● **Problem**
After locating the line with "Balenciaga High-Rise Wide-Leg Jeans - Pink" in the entries below, output it and each following line up to and including the line with "Rough Terrain Dinosaur Cotton Swaddle 3 Pack", exactly and without pictures.

*** Record extracts Section Begins ***

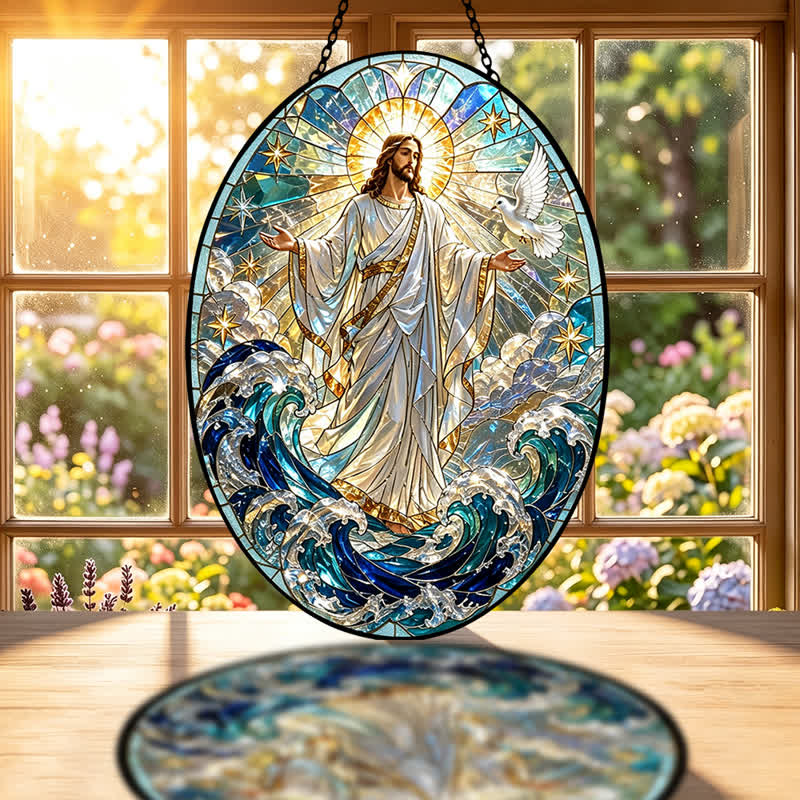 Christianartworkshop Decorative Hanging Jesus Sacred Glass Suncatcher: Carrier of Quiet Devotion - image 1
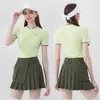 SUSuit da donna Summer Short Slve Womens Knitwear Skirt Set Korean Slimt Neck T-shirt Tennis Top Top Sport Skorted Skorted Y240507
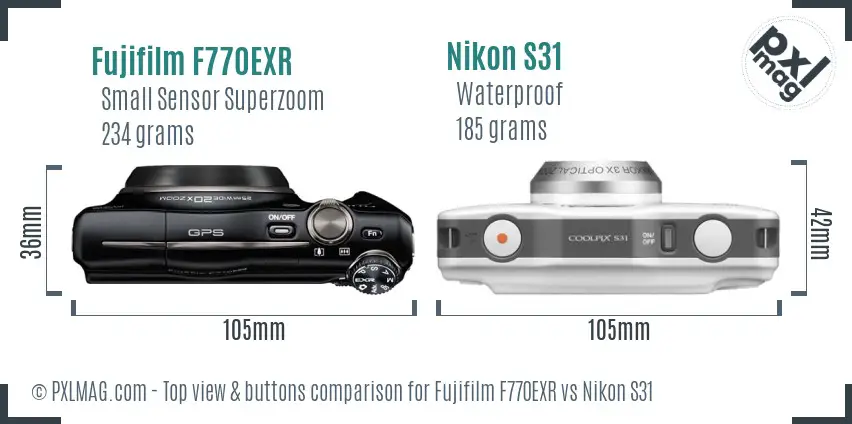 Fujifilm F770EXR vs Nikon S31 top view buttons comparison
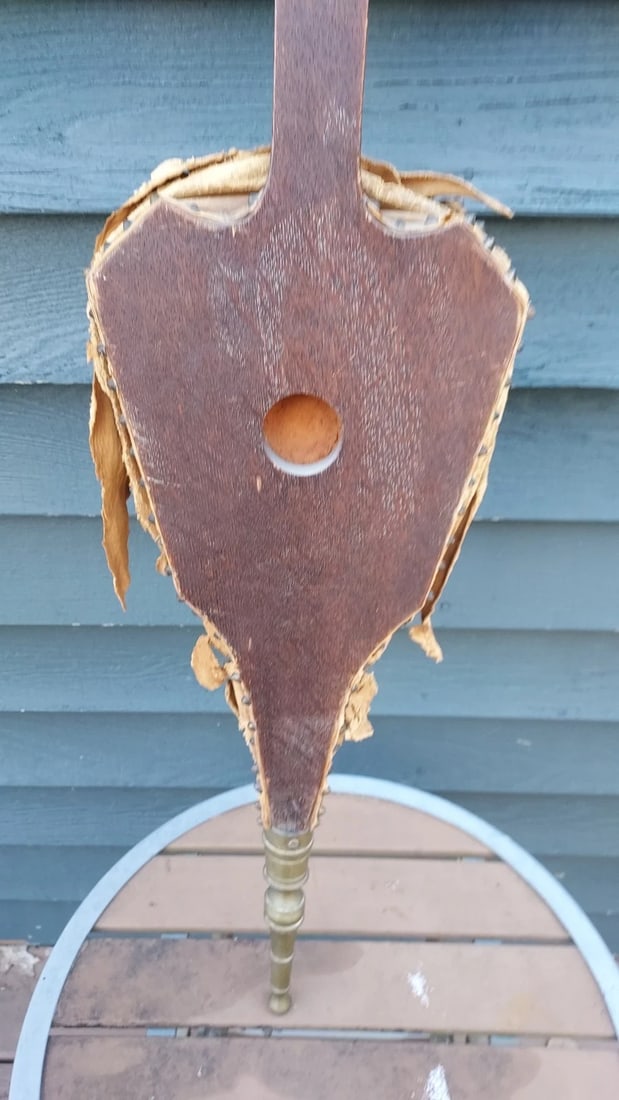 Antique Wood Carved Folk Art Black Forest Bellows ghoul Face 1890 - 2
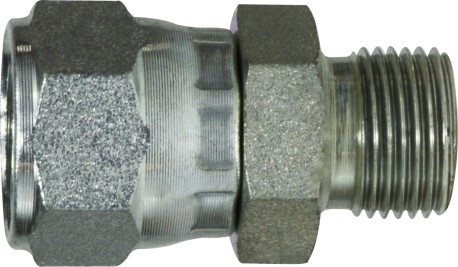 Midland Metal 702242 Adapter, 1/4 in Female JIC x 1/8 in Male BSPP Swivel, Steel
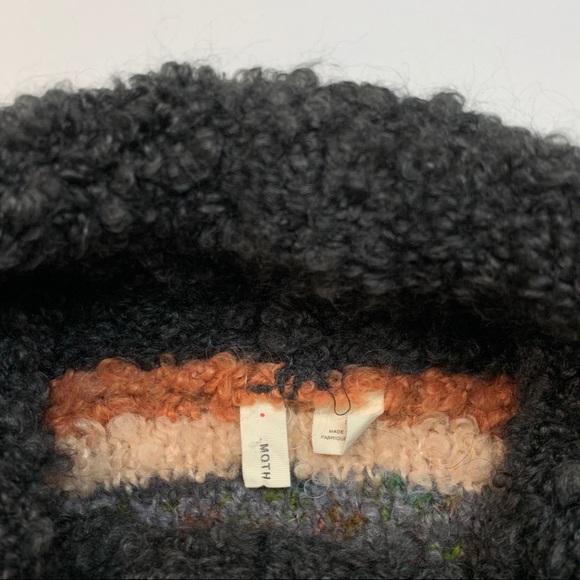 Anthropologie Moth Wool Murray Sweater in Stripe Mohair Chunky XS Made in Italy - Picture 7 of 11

*** Record extracts Section Ends ***
*** Record extracts Section Begins ***

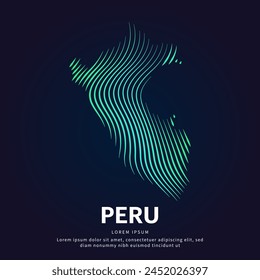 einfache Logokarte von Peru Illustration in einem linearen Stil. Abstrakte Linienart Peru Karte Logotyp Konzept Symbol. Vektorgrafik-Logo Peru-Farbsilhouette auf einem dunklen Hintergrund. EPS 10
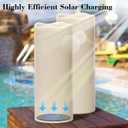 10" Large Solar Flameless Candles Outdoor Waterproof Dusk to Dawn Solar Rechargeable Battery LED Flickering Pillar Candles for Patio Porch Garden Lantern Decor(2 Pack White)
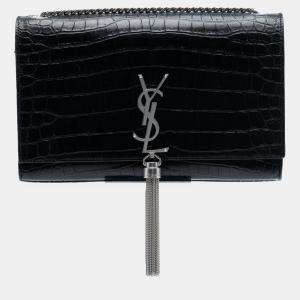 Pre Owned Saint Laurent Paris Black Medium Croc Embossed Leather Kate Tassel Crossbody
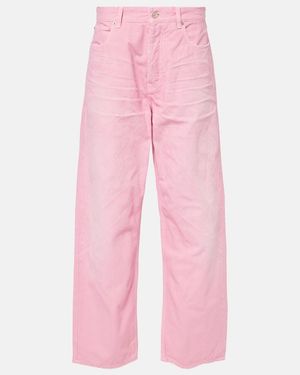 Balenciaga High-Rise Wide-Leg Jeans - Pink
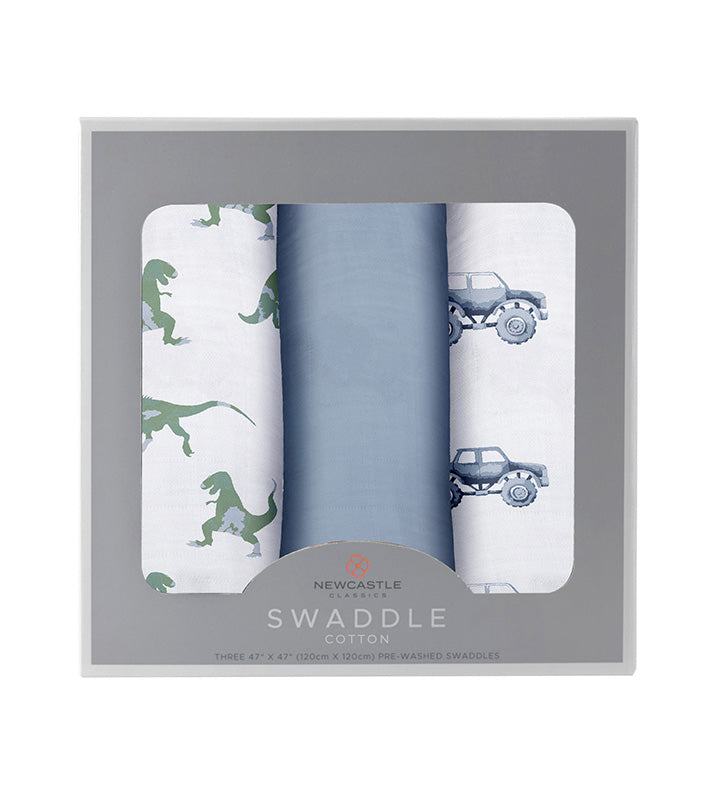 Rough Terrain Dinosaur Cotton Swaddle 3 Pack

*** Record extracts Section Ends ***
*** Record extracts Section Begins ***

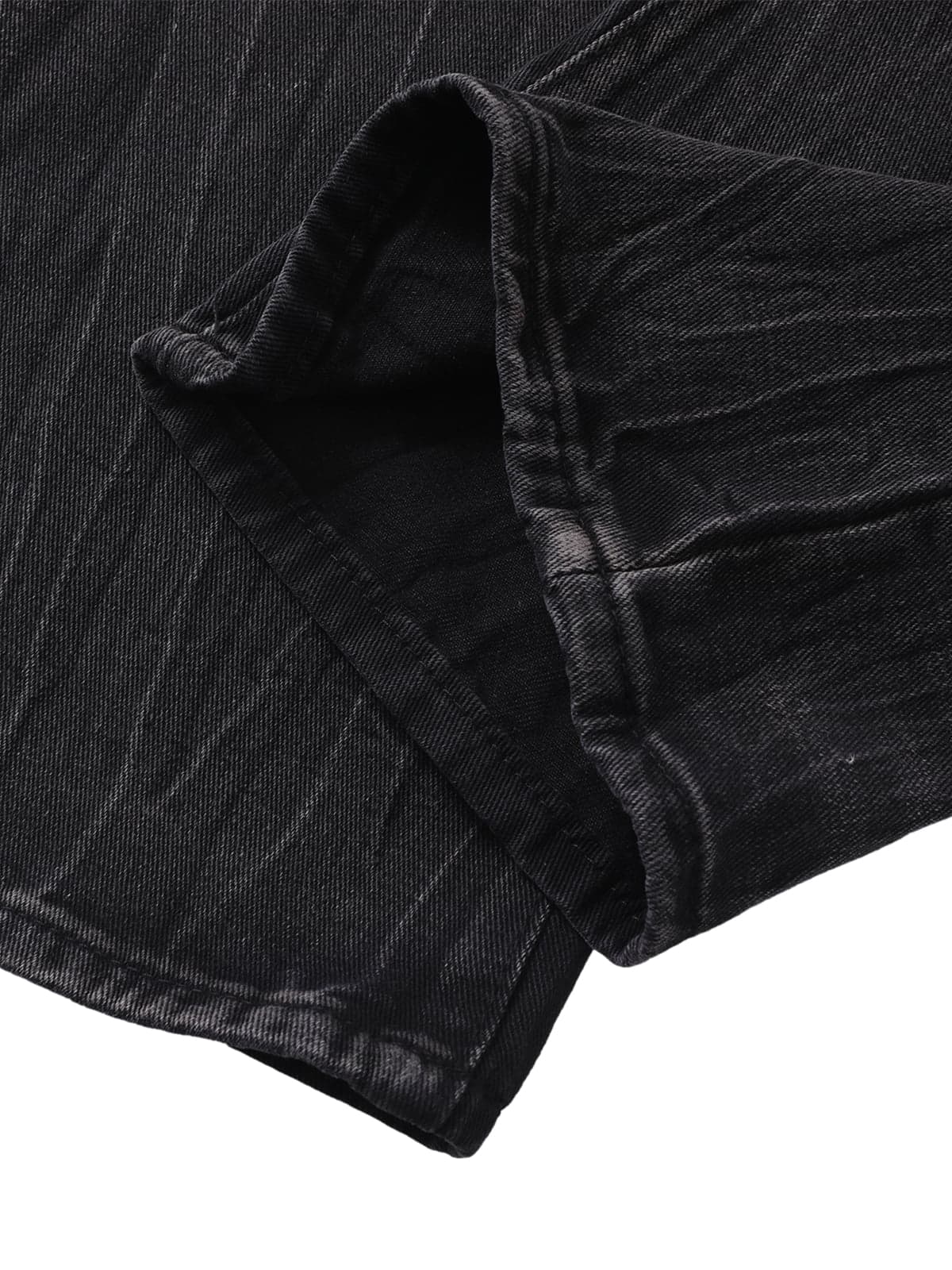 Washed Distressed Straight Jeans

*** Record extracts Section Ends ***

● **Solved exercise**
 Balenciaga High-Rise Wide-Leg Jeans - Pink
 Rough Terrain Dinosaur Cotton Swaddle 3 Pack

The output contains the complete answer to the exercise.